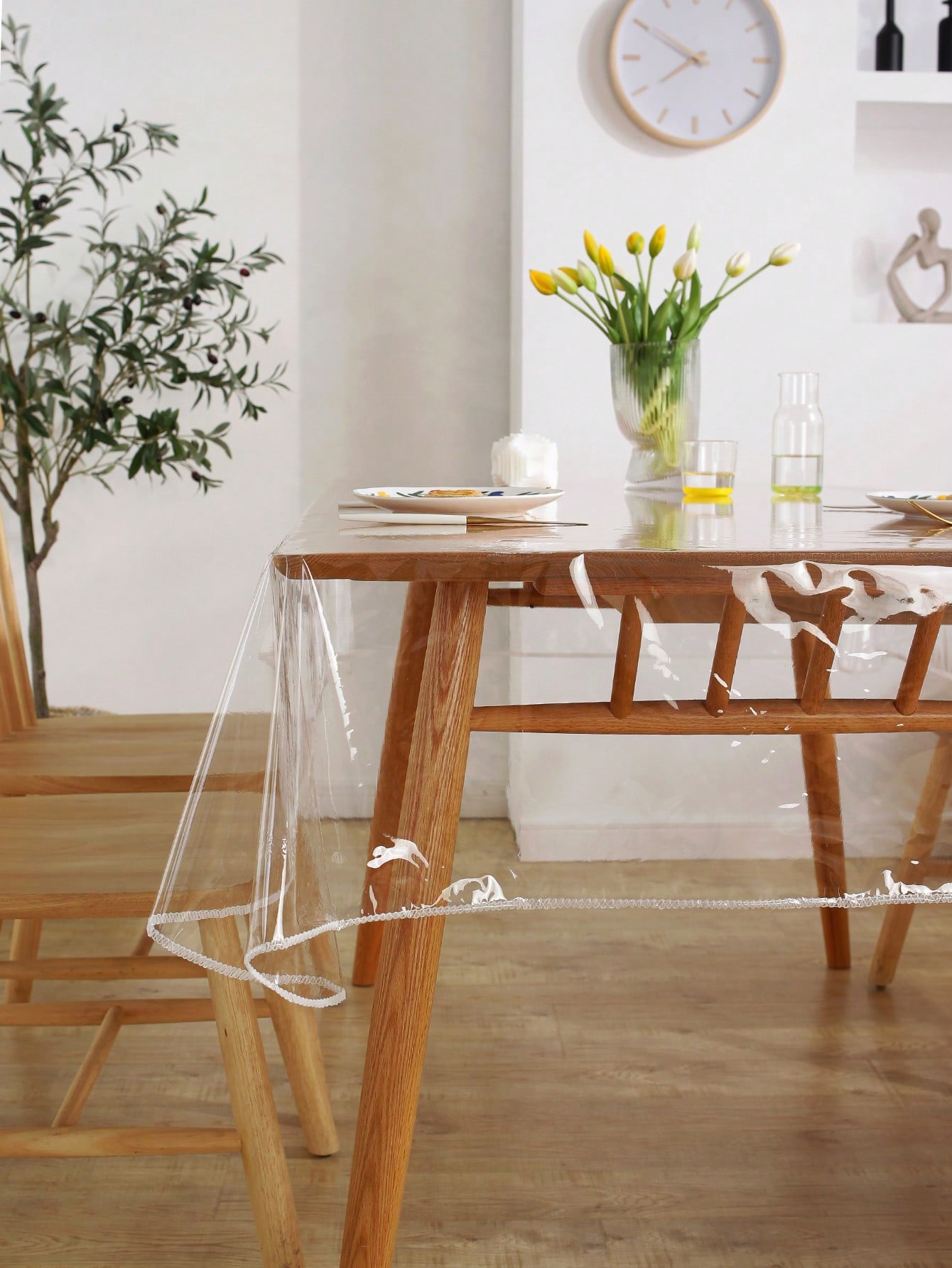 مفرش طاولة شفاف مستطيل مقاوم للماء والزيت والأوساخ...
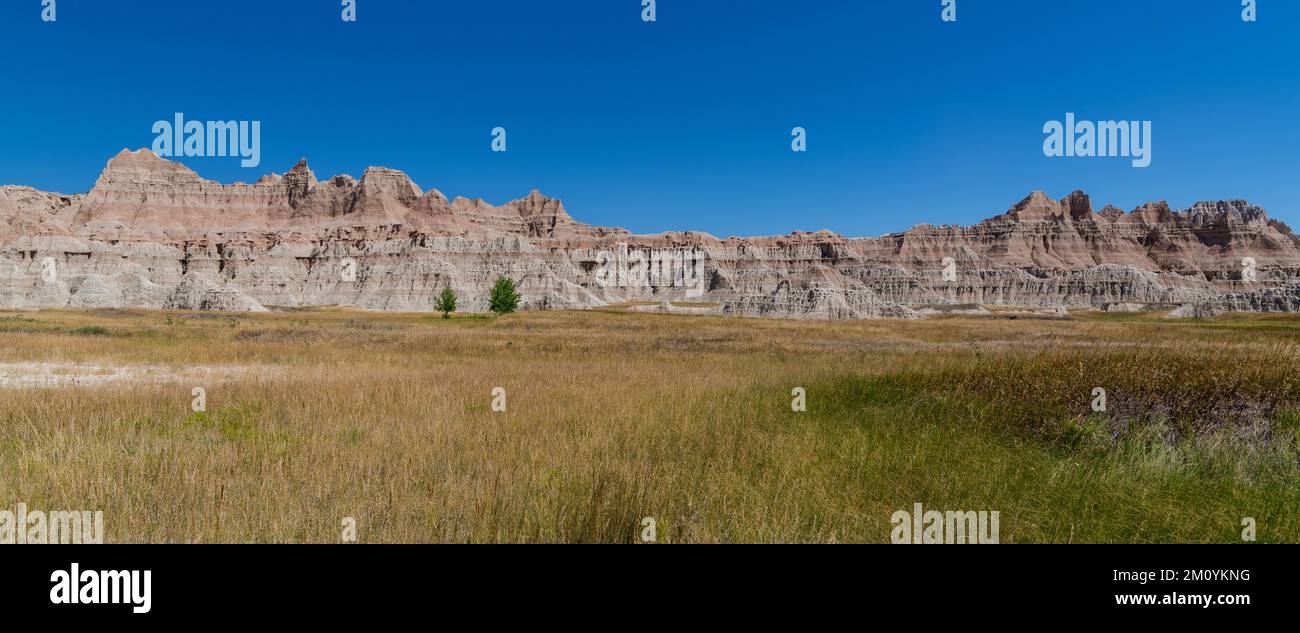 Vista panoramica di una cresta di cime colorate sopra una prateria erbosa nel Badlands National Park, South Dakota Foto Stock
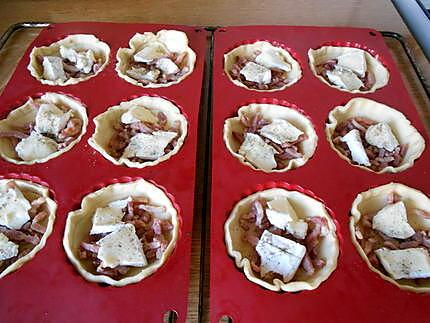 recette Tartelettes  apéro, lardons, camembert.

....

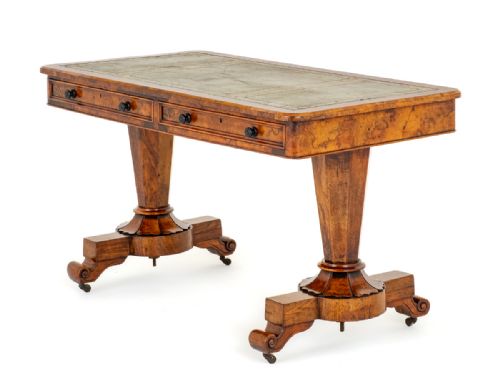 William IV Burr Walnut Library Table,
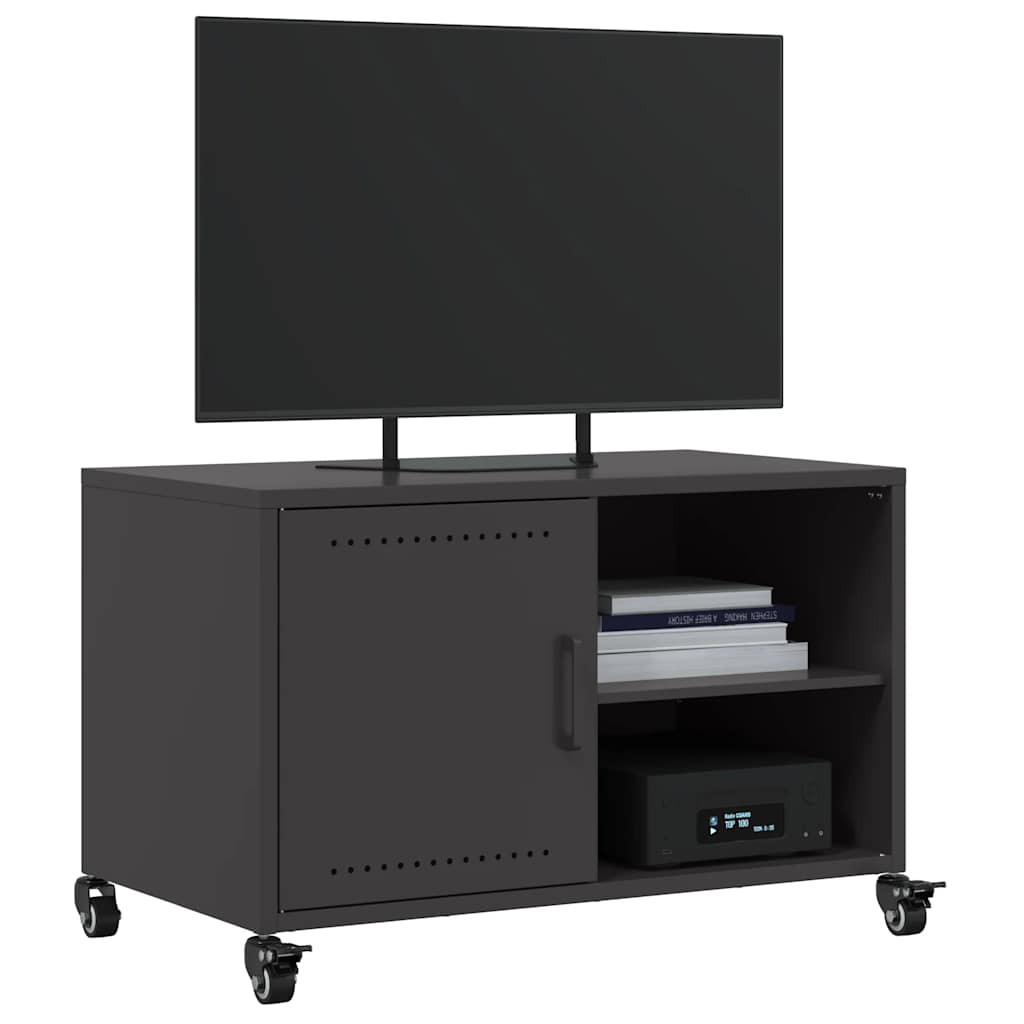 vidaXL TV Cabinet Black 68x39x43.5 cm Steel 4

....

I'd like the lines above repeated exactly, from the one that contains "مفرش طاولة شفاف" through the one that contains "apéro, lardons, camembert.", with no pictures.

 مفرش طاولة شفاف مستطيل مقاوم للماء والزيت والأوساخ...
 Vista panoramica di una cresta di cime colorate sopra una prateria erbosa nel Badlands National Park, South Dakota Foto Stock
 recette Tartelettes  apéro, lardons, camembert.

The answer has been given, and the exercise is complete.